When the students work in groups, their Japanese custom of relying on each other for help and support and fear of being singled out both work to their advantage. You will notice that the groups tend to be noisier, more active and vocal and more willing to participate. This brings up a number of things:
1. They have a tendency to be less disciplined. Group activities are the most enjoyable when the class is controlled and everyone is focused on the same task. Everyone should be on the same wavelength. This is where you need some serious inshin-denshin! Institute some rules and ways of enforcing them every time the students go into groups. All students and groups should be well-aware of these rules and not only willing to follow them, but also willing to enforce them. I do a count-down to silence. Whoever is talking after I say zero gets a point taken off for their group. (heh-heh-heh) It works! Many times it's the quietest I've ever seen a class.

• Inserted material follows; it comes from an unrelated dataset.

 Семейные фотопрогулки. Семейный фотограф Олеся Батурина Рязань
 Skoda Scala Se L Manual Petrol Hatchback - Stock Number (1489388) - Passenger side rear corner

2. You might get a lot of little social idiosyncrasies going on if you're not careful. You can try letting them make groups with friends so that the group will be stronger, but too many times people are left out and you end up making weird amendments trying to appease everyone. Maybe doing it by the way they sit would be best. It depends on the culture of the individual class. Many times, even the home room teachers aren't aware of the latest dramas in the class, so try asking a student. I did this in one of my classes and I've noticed that the students are more receptive to me now. I've expressed an interest in them.
3. Every time I do group activities it takes them about 5 minutes for them to decide that understanding what I'm saying (get into groups of 5 people) will not be considered showing-off. I think they have to wait until they know that most people get it. If you do an activity with groups once a day, they'll catch on pretty quickly.
4. I've made set groups in my classes. I tell them to get into groups of 5 people, and then I give them a piece of paper upon which they write the names of the 5 members and a name for the group. As they finish, I write the group names on the board. When they are done, I have each group stand as I call their name so that they can be acknowledged/applauded/bowed to by the rest of the class. I find that this helps establish group solidarity. Also, this way, they meet with the same group every time I tell them to go into their groups and they don't have to decide who is the cool person to be in a group with that day. Plus- this helps me remember names faster. When I need individuals from the groups, I just call out whichever name I want from the list.